With tokens in hand and multiple reminders on our West End stop in Piccadilly Circus, we wound our way down countless, claustrophobia-inducing, twisting stairways and ramps toward the subway platforms. Up until now, I was accustomed to Washington, DC’s Metro System, which at the time was the almost literal shining example of a modern subway experience.(3) As we progressed down, I wondered if we’d eventually hit bedrock and I was already fighting my deep desire for another shower since every surface was covered in a grimy glaze. Eventually we found our platform in time for the cacophonous blast of hot, sooty air heralding our train’s arrival.
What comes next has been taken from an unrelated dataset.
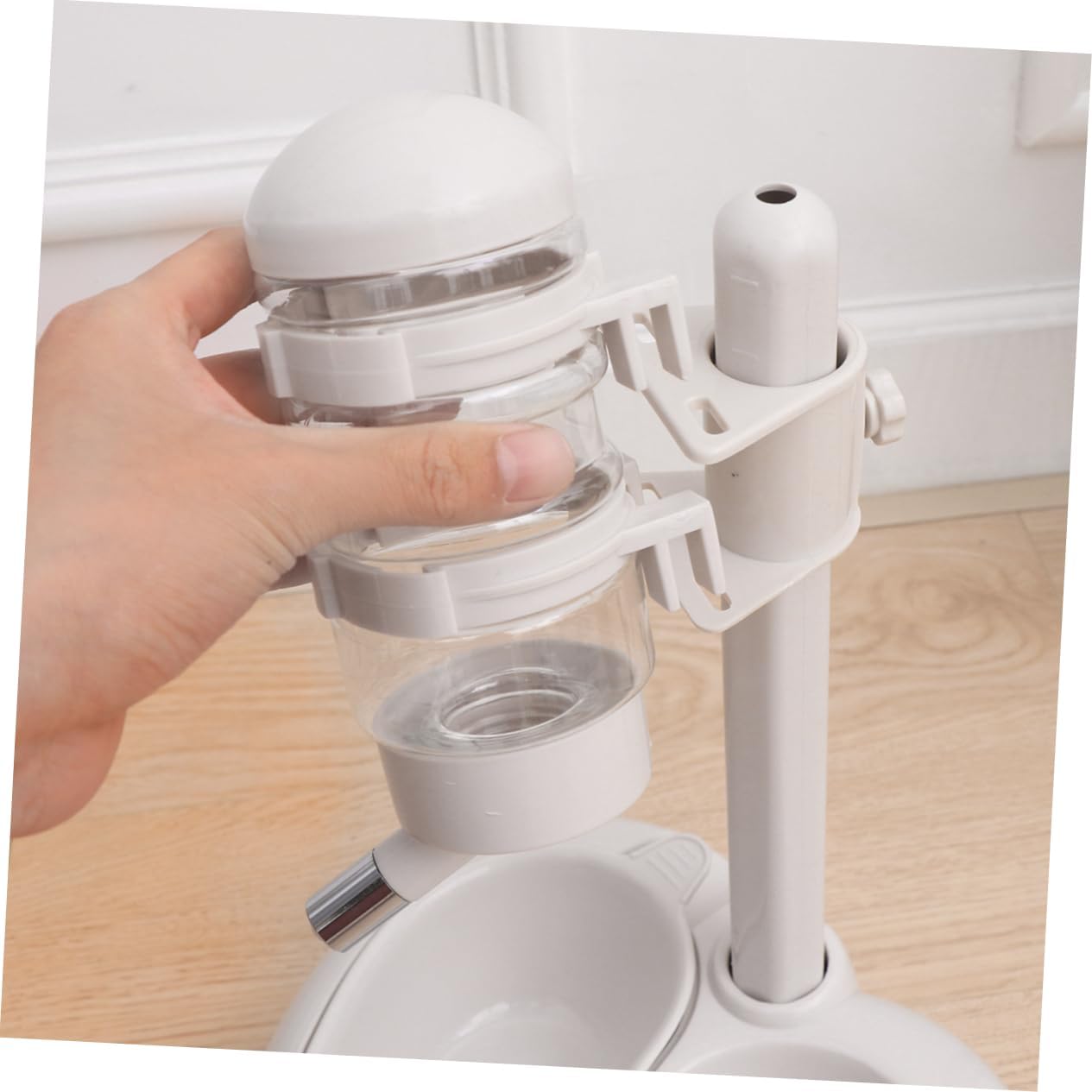 POPETPOP PET Drinking Fountain Adjustable Flow Automatic Water Dispenser for Dogs and Cats Wall-Mounted PET Supplies Plastic White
Being a more or less unrefined, geeky teenager whose appreciation of the arts revolved around mostly sci fi movies and hair bands (I freely admit to my horrendous taste in music…I like to think my choices in movies are better, but that’s also a debate for another time and place), I was less than impressed with the show. Maybe because I’m not the biggest musicals fan or couldn’t easily relate to a single British woman living in New York City, but it made for a lackluster theater experience. From what I saw of the other faces in my group, I wasn’t the only one.
Today’s Special – Black Plague with a Side of Torture
Our free day in London began with orders to be packed and ready to leave that evening. We congregated in our customary cliques and spread out. At some point, we heard of The London Dungeon and checked it out. Given the disenchantment of our previous night’s entertainment, a museum dedicated to the nastiest and most barbaric acts in history was much more up our alley…and it didn’t disappoint us. The museum includes some of the most notorious stories of the Middle Ages in all their gory glory. One of its centerpieces is a walk through a fake Great Fire of London, complete with narration by the legendary Tom Baker – a big treat for me given my long-time Doctor Who fandom.
The London Dungeon today. Pictures weren’t allowed inside.
We spent the rest of the afternoon aimlessly wandering around town until gathering at the hotel, where we collected our things and met in the lobby, as ordered. A quick bus ride later, we were boarding a ferry for crossing the English Channel.
(1) As a teenager, my sketchpads and assorted pencils were almost always with me where ever I went, and I insisted on taking pad and pencils with me on this trip. I kick myself today for not saving at least some of those pads or some of the “greatest hits” from them, though I’d probably cringe at what could optimistically be branded as “developing skill” (with marginal improvement via my college minor in Studio Art). However, I’m thankful for the rare occasions that I encounter any of my surviving antecedent sketches. I feel similarly about my college papers and Master thesis, which are irrevocably lost because I didn’t save them on anything more permanent than floppy disks (please tell me you know what these are). On the other hand, comparing my current writing to previous professional and personal work from even a few years ago can be a painful and humbling experience.
(2) You’d think I’d be a bigger theater fan given my appreciation for the arts and just a few credits shy of a college minor in Theater, but I can almost count the number of musicals I’ve seen on one hand.
(3) Given the Metro system’s ups and downs over the years, it really is a shame that it isn’t aging more gracefully.